## DIRECTIONS FOR THIS TASK
Each line in the material below must be transcribed exactly; no picture belongs in the copy.
** Opening DATA SEGMENT block **
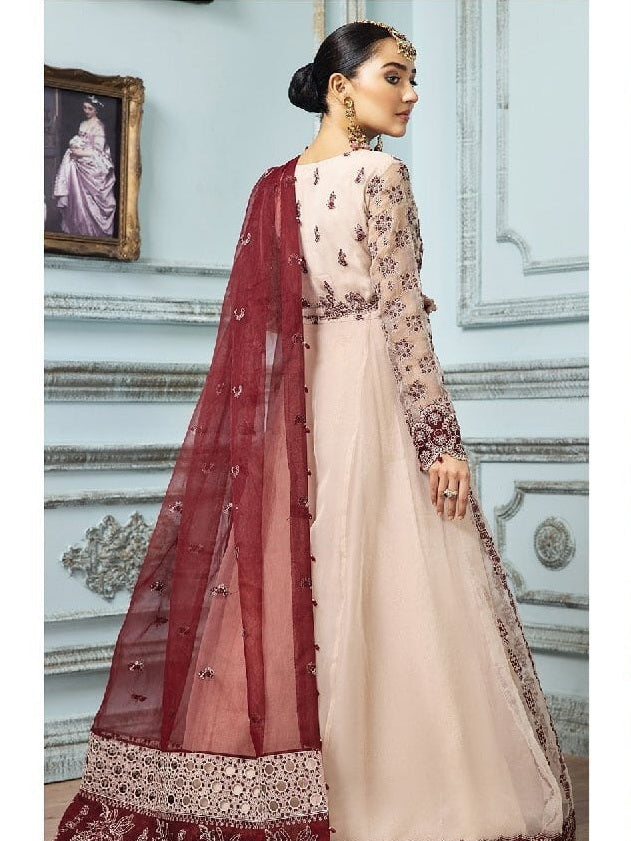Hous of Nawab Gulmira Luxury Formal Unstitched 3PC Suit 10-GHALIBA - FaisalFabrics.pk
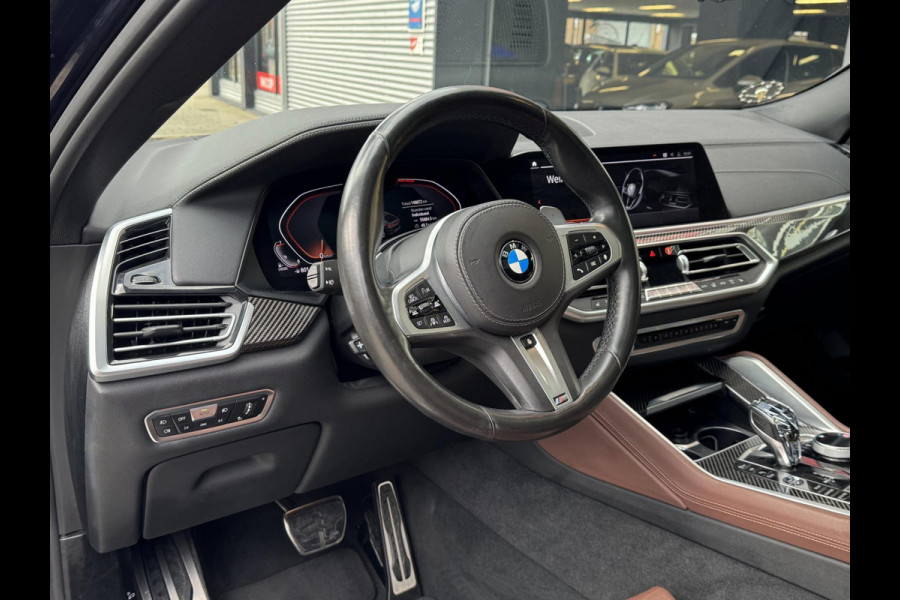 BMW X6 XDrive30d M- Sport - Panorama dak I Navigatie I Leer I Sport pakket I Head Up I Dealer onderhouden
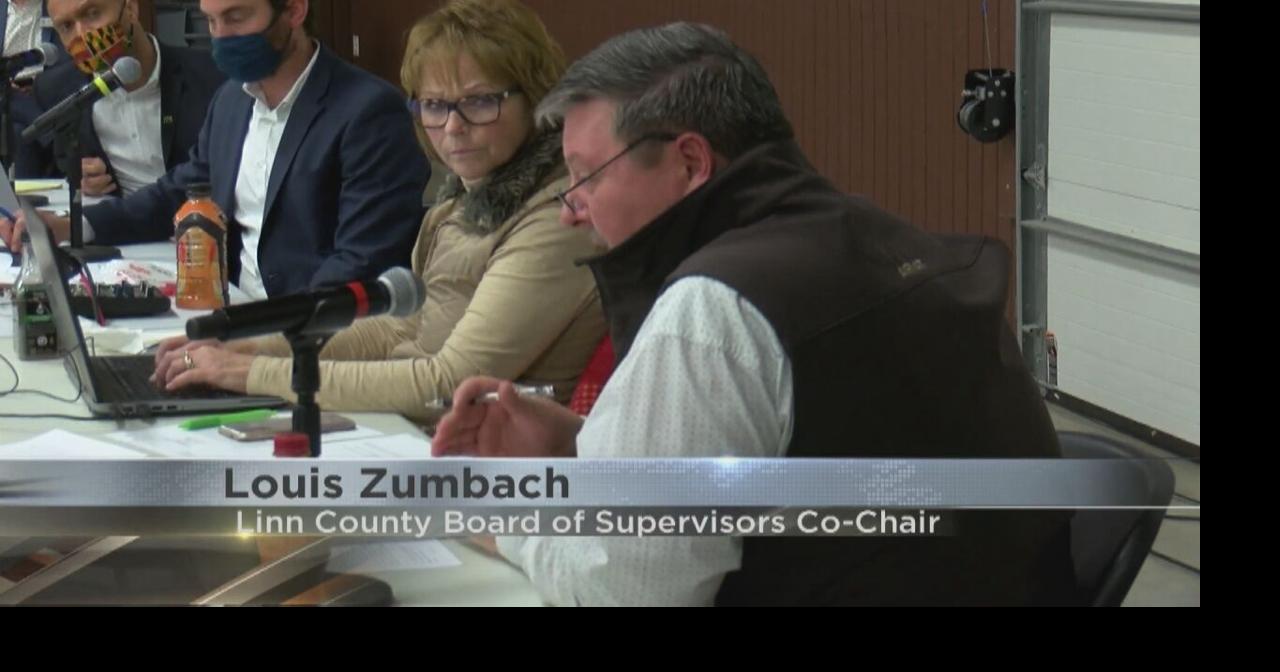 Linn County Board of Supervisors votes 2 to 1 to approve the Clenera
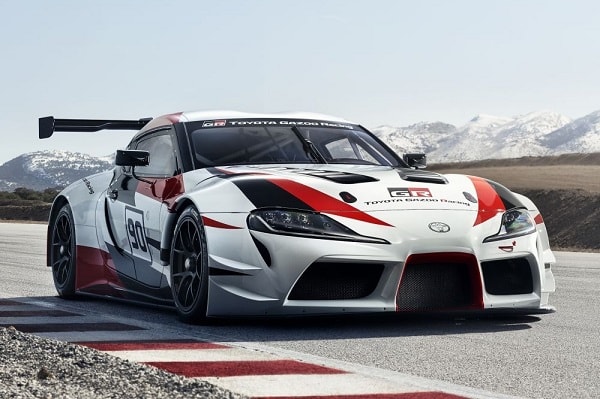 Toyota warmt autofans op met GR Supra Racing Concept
** Closing DATA SEGMENT block **
## SOLUTION TO THE PROBLEM
Hous of Nawab Gulmira Luxury Formal Unstitched 3PC Suit 10-GHALIBA - FaisalFabrics.pk
 BMW X6 XDrive30d M- Sport - Panorama dak I Navigatie I Leer I Sport pakket I Head Up I Dealer onderhouden
 Linn County Board of Supervisors votes 2 to 1 to approve the Clenera
 Toyota warmt autofans op met GR Supra Racing Concept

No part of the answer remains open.